Traditional Duties of Board Members – the Three Ds
The duties of the board of directors of a nonprofit organization can be encapsulated in the three Ds: Duty of Care, Duty of Loyalty, and Duty of Obedience. Defined by case law, these are legal standards against which all actions taken by directors are held. They are collective duties adhering to the entire board and require the active participation of all board members. Accountability can be demonstrated by showing the effective discharge of these duties.
Duty of Care: The Duty of Care requires that directors of a nonprofit organization be reasonably informed about the organization’s activities, participate in decisions, and do so in good faith and with the care of an ordinarily prudent person in similar circumstances. In short, the Duty of Care requires the board — and individual board members — to pay attention to the organization’s activities and operations. The Duty of Care is carried out by the following acts:
- Attendance at meetings of the board and appropriate committees
- Advance preparation for board meetings, such as reviewing reports and the agenda prior to meetings
- Obtaining information, before voting, to make good decisions
- Use of independent judgment
- Periodic examination of the credentials and performance of those who serve the organization
- Frequent review of the organization’s finances and financial policies
- Compliance with filing requirements, particularly annual information returns
Duty of Loyalty: The Duty of Loyalty requires board members to exercise their power in the interest of the organization and not in their own interest or the interest of another entity, particularly one in which they have a formal relationship. When acting on behalf of the organization, board members must put the interests of the organization before their personal and professional interests. In practice, the Duty of Loyalty is carried out by the following acts:
- Disclosure of any conflicts of interest
- Adherence to the organization’s conflict of interest policy
- Avoidance of the use of corporate opportunities for the individual’s personal gain or benefit
- Nondisclosure of confidential information about the organization
While conflicts of interest are not inherently illegal — in fact, they are quite common because board members are often affiliated with many different entities in their communities — how the board handles them is important. Conflict of interest policies can help protect the organization and board members by establishing a process for disclosure and voting when situations arise in which board members may potentially derive personal or professional benefit from the organization’s activities.
Duty of Obedience: The Duty of Obedience requires that directors of a nonprofit organization comply with applicable federal, state, and local laws, adhere to the organization’s by-laws, and remain the guardians of the mission.

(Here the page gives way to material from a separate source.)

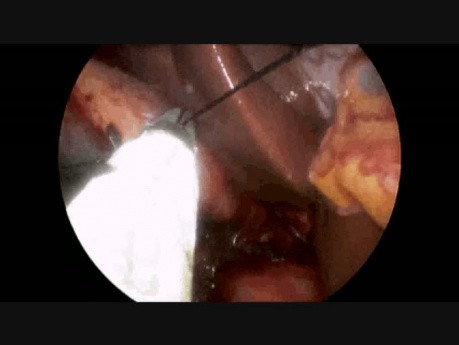 Laparoscopic Single Incision Cholecystectomy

The Duty of Obedience is carried out by the following acts:
- Compliance with all regulatory and reporting requirements, such as filing the annual information return (usually, IRS Form 990) and paying employment taxes
- Examination of all documents governing the organization and its operation, such as the by-laws
- Making decisions that fall within the scope of the organization’s mission and governing documents
Generally, if a director carries out his or her duties faithfully, and in adherence to the three Ds, the director will not be found personally liable. Unfortunately, however, there cannot be any guarantees in this regard. Remember, though, individual responsibility and the responsibility of the board, as a whole, overlap. The demarcation can often be indistinct and, in legal action under certain circumstances, an individual board member may end up paying the penalties.

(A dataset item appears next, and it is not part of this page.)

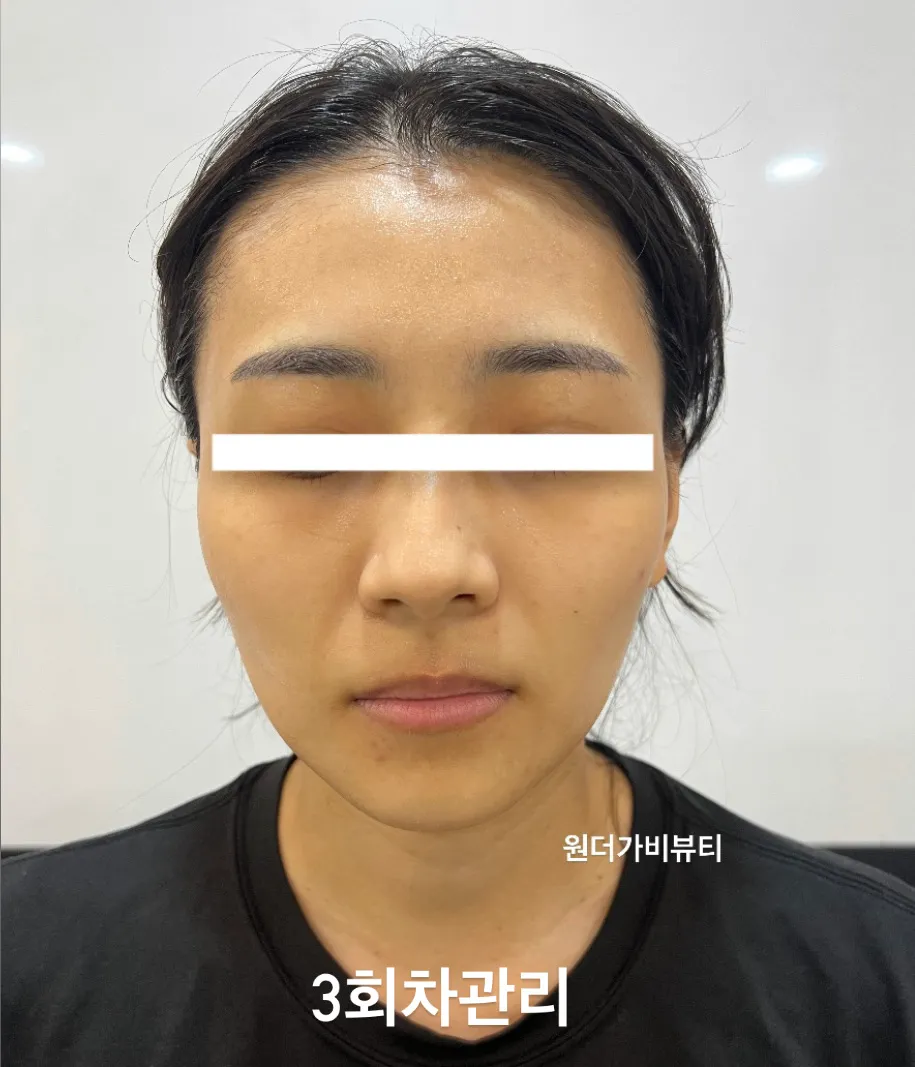 이미지 4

Questions & Considerations
- Does the board regularly have a quorum at board meetings?
- What do the organization’s by-laws say about missing meetings?
- Do board members regularly receive and read information in advance of board meetings?
- Can every board member recite the organization’s mission statement without any reminders?
- Has every board member visited the organization’s office and been introduced to the staff?
- If the organization has a website, does every board member know what is posted there and periodically visit the site?